* Re: Linux 2.4.32-rc2
2005-11-02 11:02 ` Roberto Nibali
@ 2005-11-02 12:29 ` Willy Tarreau
2005-11-03 10:19 ` Roberto Nibali
2005-11-03 5:43 ` Willy Tarreau
2005-11-03 6:41 ` Willy TARREAU
2 siblings, 1 reply; 15+ messages in thread
From: Willy Tarreau @ 2005-11-02 12:29 UTC (permalink / raw)
To: Roberto Nibali; +Cc: Marcelo Tosatti, Grant Coady, linux-kernel
Hi Roberto,
On Wed, Nov 02, 2005 at 12:02:39PM +0100, Roberto Nibali wrote:
> Bonjour Willy,
>
> >>Willy, if you have time, could you check your non-i386 boxes with a
> >>2.95.x compiled 2.4.x kernel, with IPVS enabled?
> >
> > Yes, no problem, but you'll have to tell me what to test ! (a config
> > or script will save me some time). I have a Sun Ultra60 (ultrasparc SMP)
> > which matches your description.
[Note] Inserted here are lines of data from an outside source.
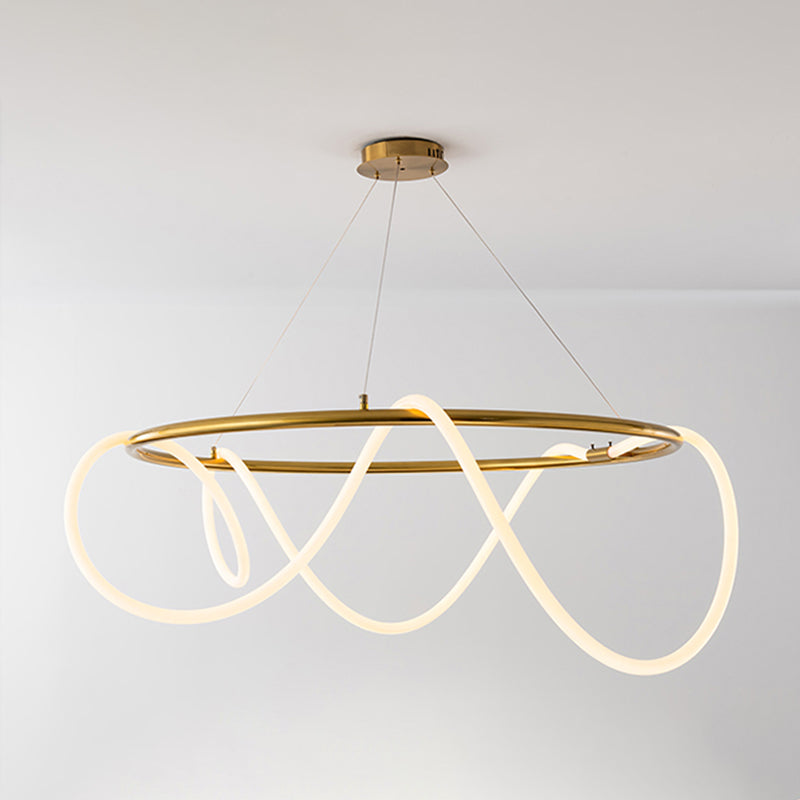 Simple Style Chandelier Gold Led Hanging Light for Bedroom Dining Room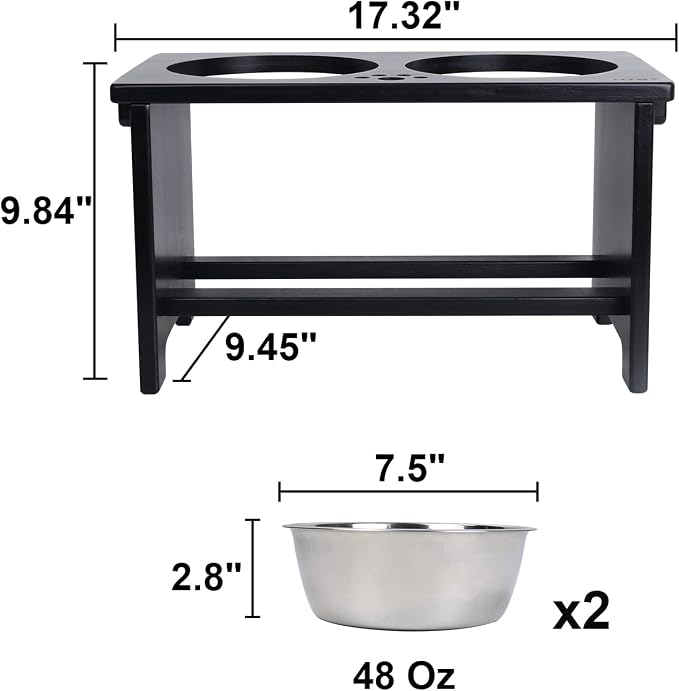 HTB Elevated Dog Bowl Stand with 2 Stainless Steel Bowls-10 H Large Black | Raised Dog Bowl Stand, 10"tall, 48 Oz Bowls, for Large Sized Dogs, Pet-safe, Solid Bamboo - Image 5
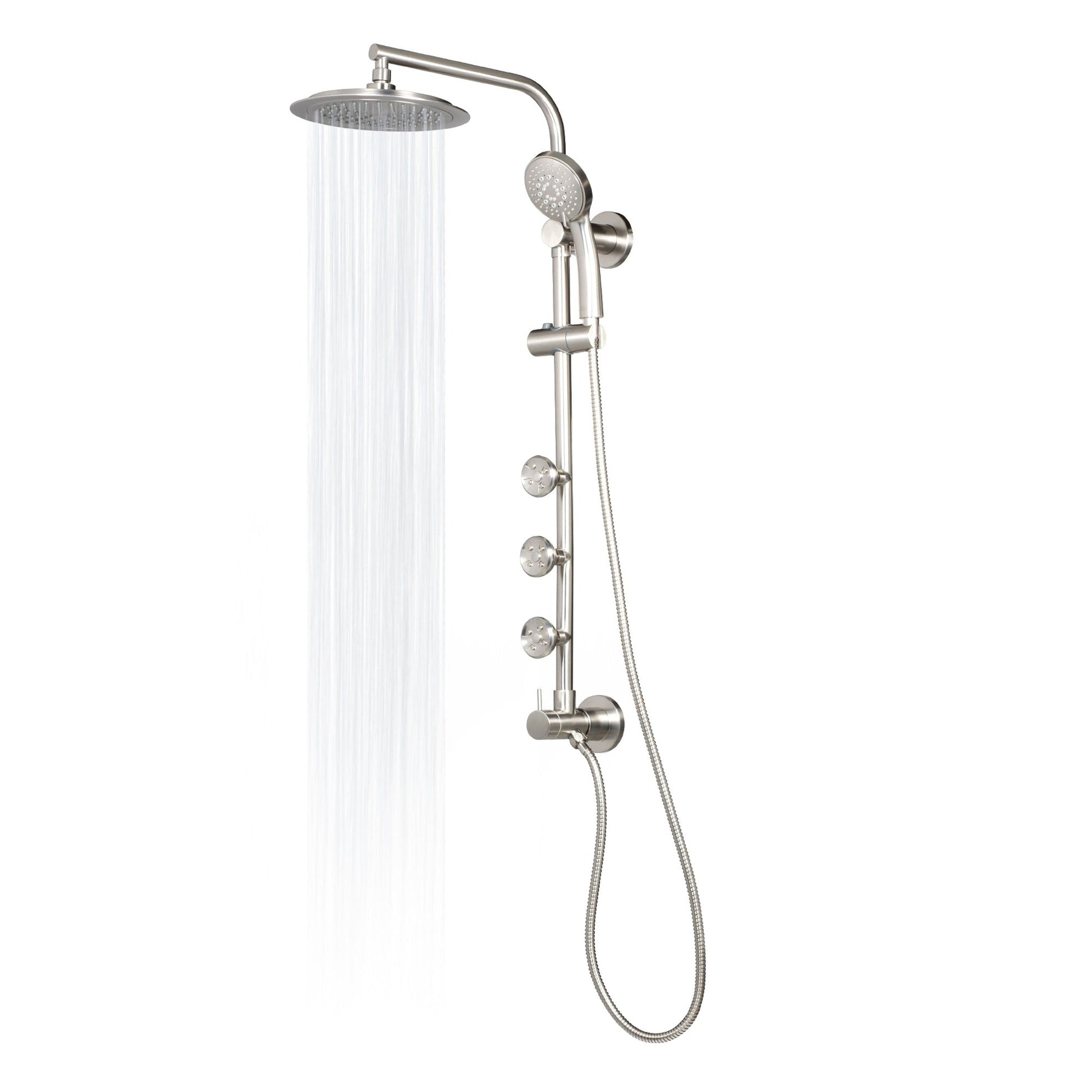 PULSE ShowerSpas Lanai 2.5 GPM Rain Shower System in Brushed Nickel Finish With 3-Power Spray Body Jet and 3-Function Hand Shower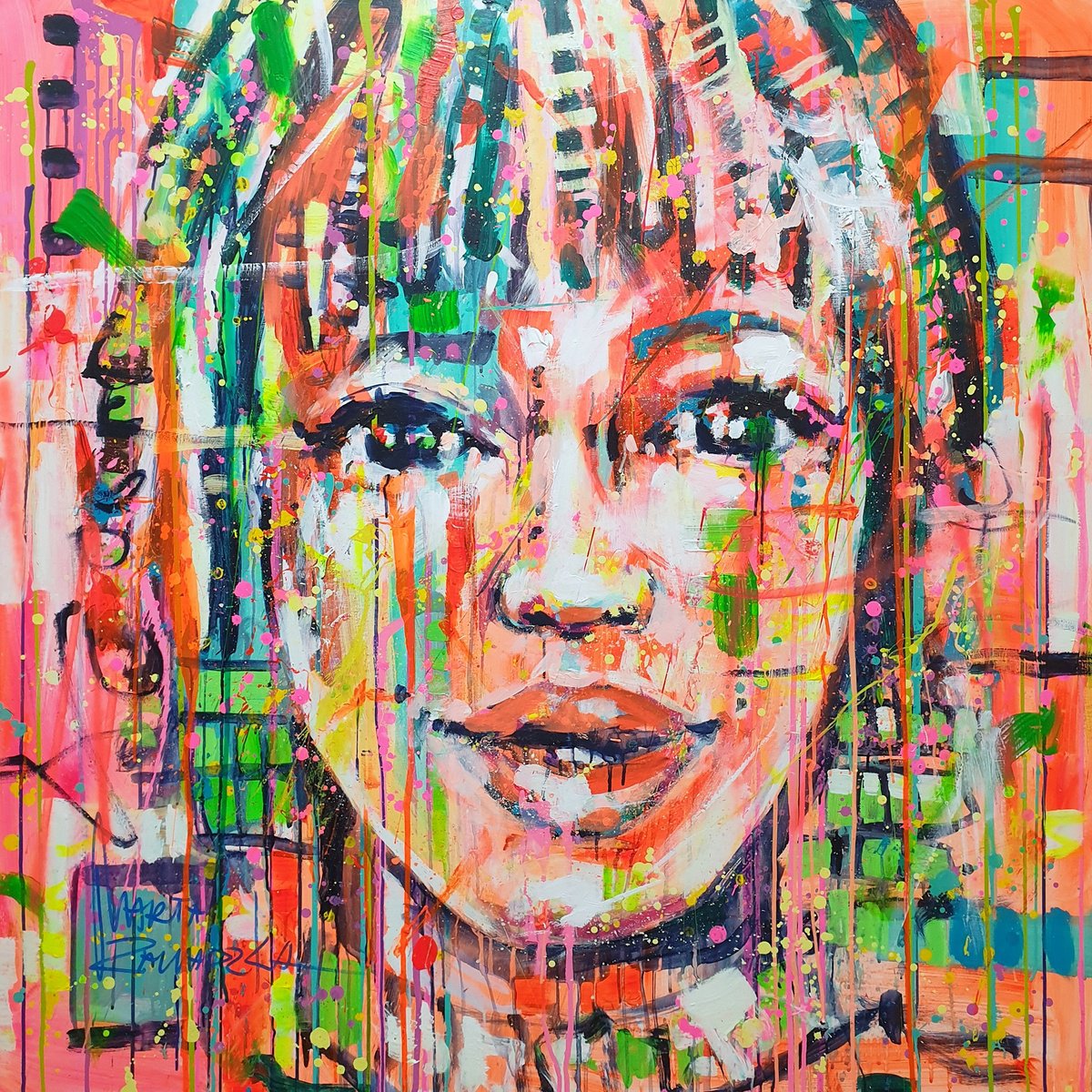 Impressionistic Portrait Acrylic Painting By Marta Zawadzka, 51 X 51", Nola, Original Artwork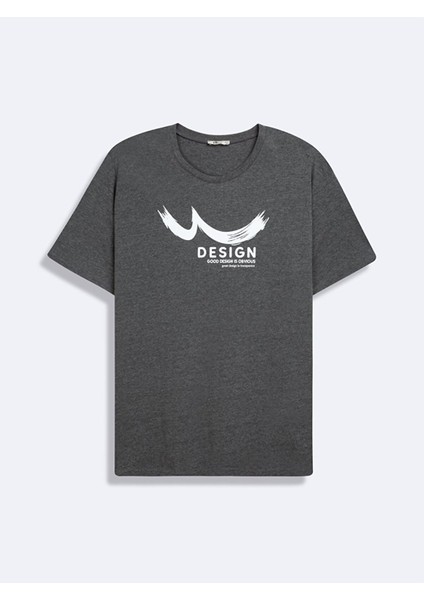 Kısa Kollu Sıfır Yaka Sıgn Baskılı Antrasit T-Shırt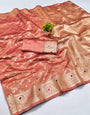 Pulsating Peach Soft Banarasi Silk Saree With Sophisticated Blouse Piece
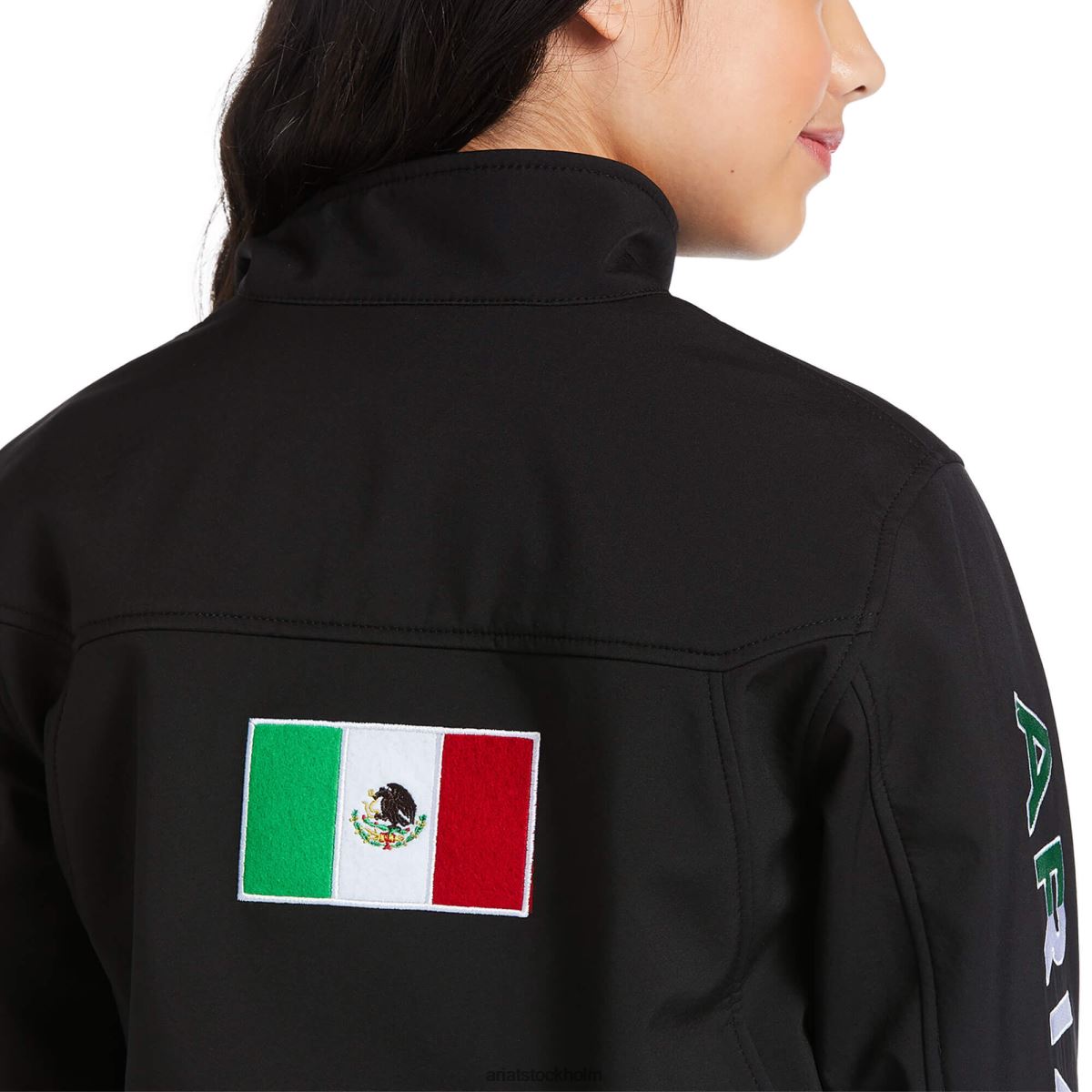 Kläder Ariat ny team softshell mexico jacka svart barn F04844121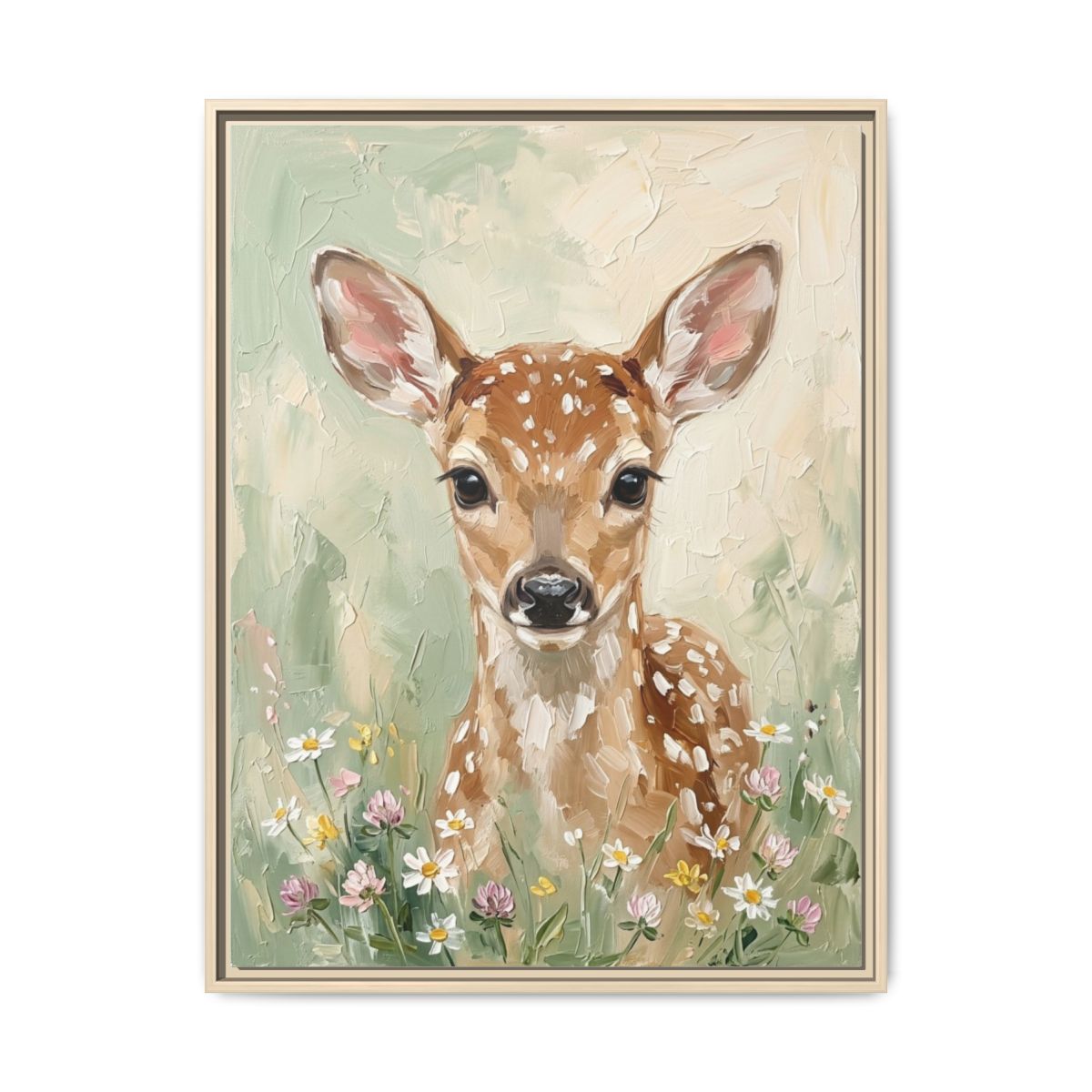 Fawn Deer Impressionist Portrait Nursery Canvas Wall Art | Woodland Sage Kids Room Decor | Nature Gift — Thumbnail 5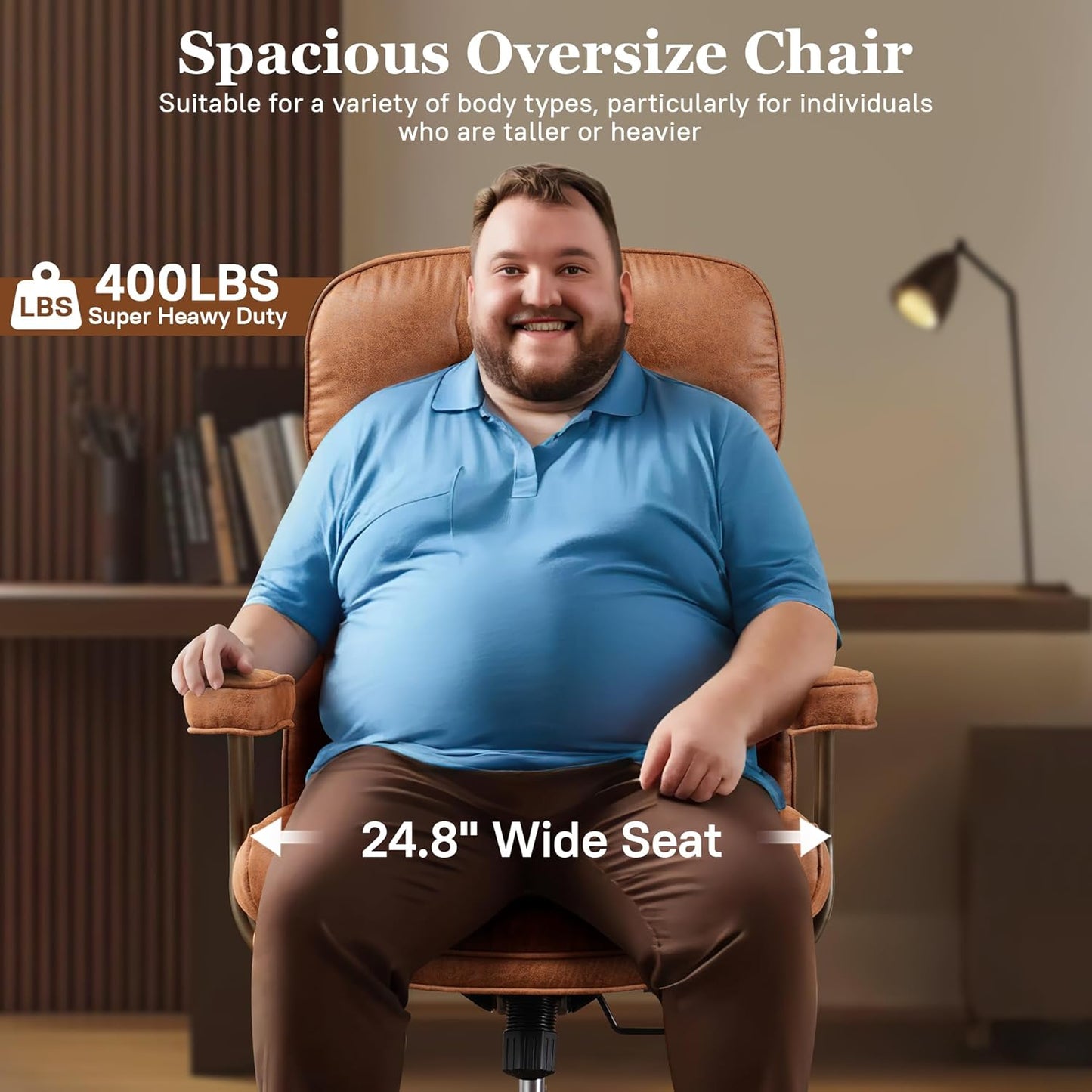 Mid Century Modren Big and Tall Office Chair,Large Ergonomic Executive Chair for Heavy Duty People, Computer Desk Task Chair with Wheels, Faux Lether Fabric Wide Chair for Home Sturdy,Brown(Suede)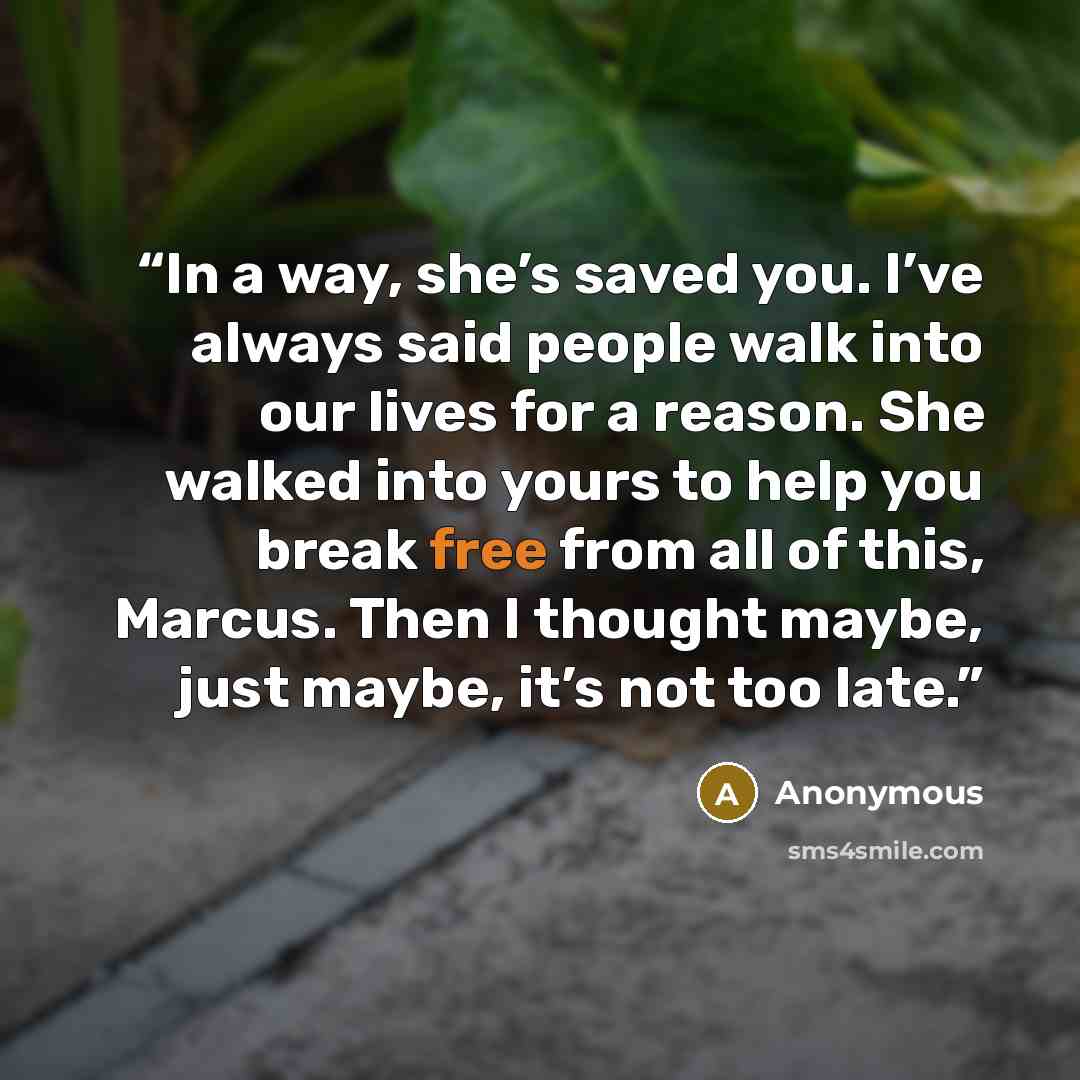 “In a way, she’s saved you. I’ve always said people walk into our lives for a reason. She walked into yours to help you break free from all of this, Marcus. Then I thought maybe, just maybe, it’s not too late.” quote by Anonymous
I just have a doubt about gcc-2.95
> > availability on this box, I know I have a 3.3.6, do you think that the
> > problem is gcc-related (too strong optimization or de-inlining, etc) ?
>
> At least following should be set, the rest you can leave to your gusto:
>
> CONFIG_ACPI=y
> CONFIG_ACPI_BOOT=y
> CONFIG_ACPI_BUS=y
> CONFIG_ACPI_INTERPRETER=y
> CONFIG_ACPI_EC=y
> CONFIG_ACPI_POWER=y
> CONFIG_ACPI_PCI=y
> CONFIG_ACPI_MMCONFIG=y
> CONFIG_ACPI_SLEEP=y
> CONFIG_ACPI_SYSTEM=y
But this is purely x86-related, I won't have it on sparc.
> CONFIG_IP_VS=m
> CONFIG_IP_VS_DEBUG=y
> CONFIG_IP_VS_TAB_BITS=12
> CONFIG_IP_VS_RR=m
> CONFIG_IP_VS_WRR=m
> CONFIG_IP_VS_LC=m
> CONFIG_IP_VS_WLC=m
> CONFIG_IP_VS_LBLC=m
> CONFIG_IP_VS_LBLCR=m
> CONFIG_IP_VS_DH=m
> CONFIG_IP_VS_SH=m
> CONFIG_IP_VS_SED=m
> CONFIG_IP_VS_NQ=m
> CONFIG_IP_VS_HPRIO=m
> CONFIG_IP_VS_FTP=m
>
> One issue is a possible C99'ism in the last IPVS patch. If you find
> time, please have a 2.95.x compiler installed.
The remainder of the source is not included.